- New generation of Public Rental Homes (PRH) needed to match the needs and pockets of 1.2 million households on waiting lists.
- New Public/Private partnership model for half-market rent homes designed for local needs, built by private developers.
- Site-by-site appraisals rather than top-down planning targets form the bedrock of local PRH programmes.
The Housing Finance Institute (HFI) and Localis published a 30-page blueprint designed to stimulate a new generation of council homes.
‘Public Rental Homes – fresh perspectives’ provides a solution to the challenge that just 6,000 of the 52,000 new homes listed as ‘affordable’ in 2020/21 by local councils were truly affordable by 1.2 million households on waiting lists.
Local authorities would have the opportunity to develop plans to slash council waiting lists and galvanise local housebuilding by partnering with private developers to build homes by adopting this new-generation PRH model, that flips the traditional approach to negotiations on ‘affordable’ provision.
Currently councils negotiate with developers to determine the percentage of affordable homes a scheme can provide, based on the total private unit sales. ‘Affordable’ rents can vary from 50% of local market rents up to 90%. Subsidised sales are included in the percentages. The PRH model flips the question to ‘what percentage of private homes are needed to produce sufficient PRH homes?
Under the PRH model – which deals in ‘bottom up’ plans, not top-down targets – local authorities would be responsible for identifying sites that might meet PRH criteria and initiate discussion with developers. For their part, developers would assume 100% of the risk and a 20% margin on both the PRH homes as well as their own private units.

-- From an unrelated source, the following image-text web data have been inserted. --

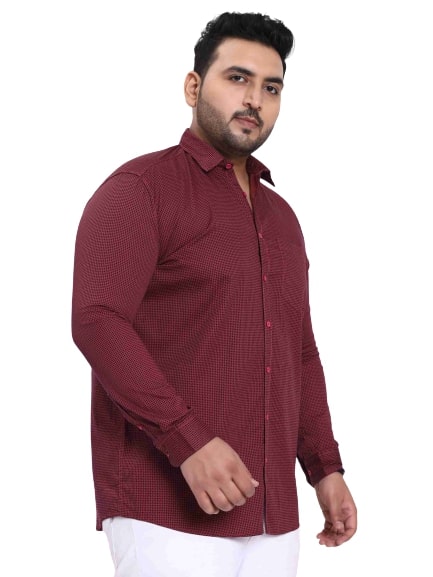 Maroon Satin Cotton Shirt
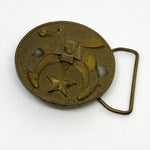 Vintage 70's Shriner Masonic Crescent & Star Brass Belt Buckle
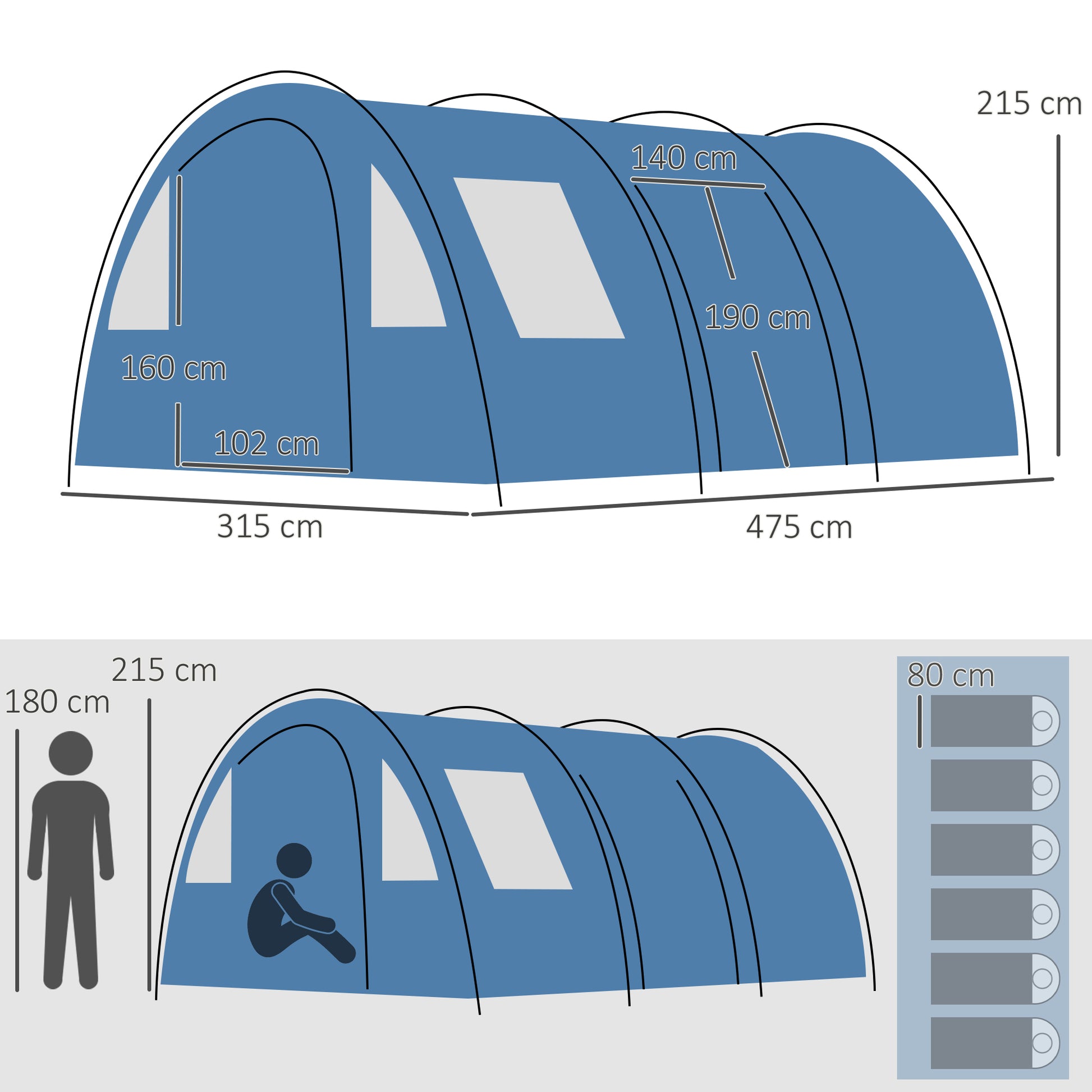 Tenda de Campismo Familiar Tenda De Campismo para 5-6 Pessoas Impermeável PU2000 mm com Portas Janelas e Bolsa de Transporte 475x315x215 cm Azul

Report author, Peter Bill, said: “Families on council waiting lists are squeezed to the bottom of pile by financial pressures on councils and developers trying to agree the percentage of affordable homes. A new perspective is needed to ensure the needs of these families become the top priority on sites where PRH is viable.
“The PRH approach addresses that need and provides fresh impetus to councils looking to house those on their waiting list and to developers looking for better, simpler, ways to build. Site by site viability is the key. Developers take 100% of the risk and therefore deserve a 20% profit margin.”
Co-author, Jackie Sadek, said: “We need to get on and deliver. Stop arguing about the whys and the wherefores. Delivery only happens on the ground, not from Whitehall. Let’s try to crack this massive crisis, not top down, but bottom up. Every council should be supported in drawing up a 10 year Plan to deliver Public Rental Homes.”
Chair of The Housing and Finance Institute Board, Sir Steve Bullock, said: “Thousands of families and individuals, both young and old, are caught in the trap of being unable to afford to buy or rent privately but finding no alternative that they can possibly afford either. More people are falling into this trap each month yet the supply of new affordable homes is actually diminishing.
“The impact of the cost-of-living crisis makes finding a response ever more urgent and the HFI has commissioned this research to offer a way forward that can attract support on a cross party basis.
“Putting the emphasis on building new social homes has the potential to be a win–win with homeless people having a better chance of moving to decent properties that they can afford and make into homes while the economic impact of the construction will have wider benefits.
“Doing this at pace will need a different mindset at all levels of government and the HFI will press for that and work with councils, government and developers in the coming weeks to make this happen.”